--- Problem requirements ---
Print this span of the material below exactly: the line with "VERSO CUPBOARD 1050x350x1000mm", the line with "Buy Shop Michael", and every line between them, but nothing else.
**********
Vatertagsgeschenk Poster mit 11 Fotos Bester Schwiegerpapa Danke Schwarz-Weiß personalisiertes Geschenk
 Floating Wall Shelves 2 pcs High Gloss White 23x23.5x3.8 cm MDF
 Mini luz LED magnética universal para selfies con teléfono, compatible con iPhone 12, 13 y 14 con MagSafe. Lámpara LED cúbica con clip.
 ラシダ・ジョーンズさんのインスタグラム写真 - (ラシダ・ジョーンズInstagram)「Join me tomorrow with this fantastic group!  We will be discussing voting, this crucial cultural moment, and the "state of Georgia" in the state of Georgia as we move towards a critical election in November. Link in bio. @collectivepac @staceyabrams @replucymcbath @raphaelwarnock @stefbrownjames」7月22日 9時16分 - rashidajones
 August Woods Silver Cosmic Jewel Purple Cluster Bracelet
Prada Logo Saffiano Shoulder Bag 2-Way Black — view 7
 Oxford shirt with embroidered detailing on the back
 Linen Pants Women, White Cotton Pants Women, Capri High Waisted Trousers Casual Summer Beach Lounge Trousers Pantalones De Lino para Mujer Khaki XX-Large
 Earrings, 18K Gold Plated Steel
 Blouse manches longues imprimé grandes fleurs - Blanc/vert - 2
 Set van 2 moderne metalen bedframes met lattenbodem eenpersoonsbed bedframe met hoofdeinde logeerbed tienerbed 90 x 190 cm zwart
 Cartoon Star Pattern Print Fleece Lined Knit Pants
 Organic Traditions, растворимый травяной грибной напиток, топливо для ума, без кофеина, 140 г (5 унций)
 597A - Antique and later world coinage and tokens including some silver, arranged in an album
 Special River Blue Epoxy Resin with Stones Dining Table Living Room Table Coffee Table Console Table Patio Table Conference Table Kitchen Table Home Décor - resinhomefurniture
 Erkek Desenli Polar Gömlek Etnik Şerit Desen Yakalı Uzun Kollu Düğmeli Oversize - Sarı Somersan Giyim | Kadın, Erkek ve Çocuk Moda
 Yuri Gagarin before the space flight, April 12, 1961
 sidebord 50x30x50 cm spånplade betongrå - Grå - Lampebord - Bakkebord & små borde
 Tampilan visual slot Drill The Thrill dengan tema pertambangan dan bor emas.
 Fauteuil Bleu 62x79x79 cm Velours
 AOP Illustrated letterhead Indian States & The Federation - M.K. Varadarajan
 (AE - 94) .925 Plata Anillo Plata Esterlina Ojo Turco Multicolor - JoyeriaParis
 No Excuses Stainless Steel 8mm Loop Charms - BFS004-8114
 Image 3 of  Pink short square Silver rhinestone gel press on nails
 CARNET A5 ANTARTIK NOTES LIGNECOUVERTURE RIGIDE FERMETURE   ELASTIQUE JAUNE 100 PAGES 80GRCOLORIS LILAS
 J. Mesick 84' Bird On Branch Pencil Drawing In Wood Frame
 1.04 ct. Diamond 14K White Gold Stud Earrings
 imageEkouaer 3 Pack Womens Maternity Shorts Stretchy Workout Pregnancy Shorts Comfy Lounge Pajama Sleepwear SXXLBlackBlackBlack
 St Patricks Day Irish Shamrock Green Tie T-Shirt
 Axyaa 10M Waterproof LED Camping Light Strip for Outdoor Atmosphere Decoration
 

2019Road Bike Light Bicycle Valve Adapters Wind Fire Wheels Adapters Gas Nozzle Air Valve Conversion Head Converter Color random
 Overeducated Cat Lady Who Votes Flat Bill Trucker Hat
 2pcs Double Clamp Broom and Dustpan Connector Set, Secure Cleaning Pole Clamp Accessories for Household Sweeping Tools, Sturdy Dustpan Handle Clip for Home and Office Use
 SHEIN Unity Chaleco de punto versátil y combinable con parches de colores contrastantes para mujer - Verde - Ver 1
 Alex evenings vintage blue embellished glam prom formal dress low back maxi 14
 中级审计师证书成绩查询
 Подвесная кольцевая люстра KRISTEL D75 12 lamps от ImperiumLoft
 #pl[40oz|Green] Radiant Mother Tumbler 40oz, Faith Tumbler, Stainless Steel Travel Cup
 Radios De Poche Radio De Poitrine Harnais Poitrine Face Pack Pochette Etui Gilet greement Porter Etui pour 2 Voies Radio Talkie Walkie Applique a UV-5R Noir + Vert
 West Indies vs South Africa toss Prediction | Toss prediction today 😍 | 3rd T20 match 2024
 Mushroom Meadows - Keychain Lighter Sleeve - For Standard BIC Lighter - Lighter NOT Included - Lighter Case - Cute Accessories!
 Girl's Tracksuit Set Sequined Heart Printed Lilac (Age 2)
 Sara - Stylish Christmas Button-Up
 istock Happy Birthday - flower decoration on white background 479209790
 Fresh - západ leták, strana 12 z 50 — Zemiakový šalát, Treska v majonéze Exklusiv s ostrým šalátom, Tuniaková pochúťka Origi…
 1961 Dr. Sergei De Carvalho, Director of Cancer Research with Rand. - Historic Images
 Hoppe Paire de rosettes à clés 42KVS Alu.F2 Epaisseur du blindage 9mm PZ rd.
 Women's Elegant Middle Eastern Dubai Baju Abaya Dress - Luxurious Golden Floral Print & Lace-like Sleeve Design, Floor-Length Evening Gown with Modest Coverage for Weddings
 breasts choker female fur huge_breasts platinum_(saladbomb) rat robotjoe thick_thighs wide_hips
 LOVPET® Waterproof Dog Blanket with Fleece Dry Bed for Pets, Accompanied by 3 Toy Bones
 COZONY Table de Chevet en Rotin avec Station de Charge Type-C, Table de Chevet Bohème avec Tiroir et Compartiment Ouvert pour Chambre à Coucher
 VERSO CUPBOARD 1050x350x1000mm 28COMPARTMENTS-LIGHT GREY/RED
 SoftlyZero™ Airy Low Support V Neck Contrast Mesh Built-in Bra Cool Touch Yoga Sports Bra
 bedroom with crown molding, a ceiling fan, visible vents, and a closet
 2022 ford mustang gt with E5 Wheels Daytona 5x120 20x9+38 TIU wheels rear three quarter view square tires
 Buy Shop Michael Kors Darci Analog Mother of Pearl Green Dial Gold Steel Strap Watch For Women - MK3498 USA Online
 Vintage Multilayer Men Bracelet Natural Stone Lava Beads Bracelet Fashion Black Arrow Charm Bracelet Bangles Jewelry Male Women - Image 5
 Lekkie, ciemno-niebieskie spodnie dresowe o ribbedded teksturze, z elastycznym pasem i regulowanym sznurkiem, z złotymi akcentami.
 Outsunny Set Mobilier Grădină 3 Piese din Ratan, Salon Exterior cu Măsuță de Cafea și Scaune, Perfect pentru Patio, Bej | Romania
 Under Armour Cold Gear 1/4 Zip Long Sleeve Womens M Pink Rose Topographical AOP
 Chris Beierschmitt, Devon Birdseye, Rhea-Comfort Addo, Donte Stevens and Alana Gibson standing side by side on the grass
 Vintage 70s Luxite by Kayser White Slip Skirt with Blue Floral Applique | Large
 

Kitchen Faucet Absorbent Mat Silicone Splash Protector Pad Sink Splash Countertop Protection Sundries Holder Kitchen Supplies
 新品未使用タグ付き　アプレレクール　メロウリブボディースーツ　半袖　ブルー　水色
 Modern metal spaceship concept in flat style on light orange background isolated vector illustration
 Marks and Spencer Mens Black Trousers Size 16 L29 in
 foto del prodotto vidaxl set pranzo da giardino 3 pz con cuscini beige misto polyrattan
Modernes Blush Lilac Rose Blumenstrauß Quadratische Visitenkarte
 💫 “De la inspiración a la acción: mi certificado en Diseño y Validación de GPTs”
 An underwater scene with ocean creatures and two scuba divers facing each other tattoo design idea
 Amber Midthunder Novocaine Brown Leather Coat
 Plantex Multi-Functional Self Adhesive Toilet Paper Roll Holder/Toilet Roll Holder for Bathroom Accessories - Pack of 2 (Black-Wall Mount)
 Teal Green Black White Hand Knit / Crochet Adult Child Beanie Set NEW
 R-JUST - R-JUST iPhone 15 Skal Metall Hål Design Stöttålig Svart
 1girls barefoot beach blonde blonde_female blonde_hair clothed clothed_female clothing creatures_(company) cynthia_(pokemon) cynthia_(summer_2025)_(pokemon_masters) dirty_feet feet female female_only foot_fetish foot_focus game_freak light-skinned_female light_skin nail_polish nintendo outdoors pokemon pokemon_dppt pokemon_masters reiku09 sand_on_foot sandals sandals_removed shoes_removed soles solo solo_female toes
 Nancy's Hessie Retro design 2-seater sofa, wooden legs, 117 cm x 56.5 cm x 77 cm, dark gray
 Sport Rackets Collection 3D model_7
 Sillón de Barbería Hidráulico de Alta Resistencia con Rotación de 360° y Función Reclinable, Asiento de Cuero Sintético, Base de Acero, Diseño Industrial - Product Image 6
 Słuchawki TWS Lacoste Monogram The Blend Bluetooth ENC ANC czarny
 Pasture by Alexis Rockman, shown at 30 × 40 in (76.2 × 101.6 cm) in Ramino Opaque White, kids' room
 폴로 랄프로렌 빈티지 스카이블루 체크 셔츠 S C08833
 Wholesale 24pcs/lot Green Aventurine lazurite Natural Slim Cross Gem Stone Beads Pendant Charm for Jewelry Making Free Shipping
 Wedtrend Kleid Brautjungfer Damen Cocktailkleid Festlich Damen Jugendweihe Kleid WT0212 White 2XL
**********
--- Task response ---
 VERSO CUPBOARD 1050x350x1000mm 28COMPARTMENTS-LIGHT GREY/RED
 SoftlyZero™ Airy Low Support V Neck Contrast Mesh Built-in Bra Cool Touch Yoga Sports Bra
 bedroom with crown molding, a ceiling fan, visible vents, and a closet
 2022 ford mustang gt with E5 Wheels Daytona 5x120 20x9+38 TIU wheels rear three quarter view square tires
 Buy Shop Michael Kors Darci Analog Mother of Pearl Green Dial Gold Steel Strap Watch For Women - MK3498 USA Online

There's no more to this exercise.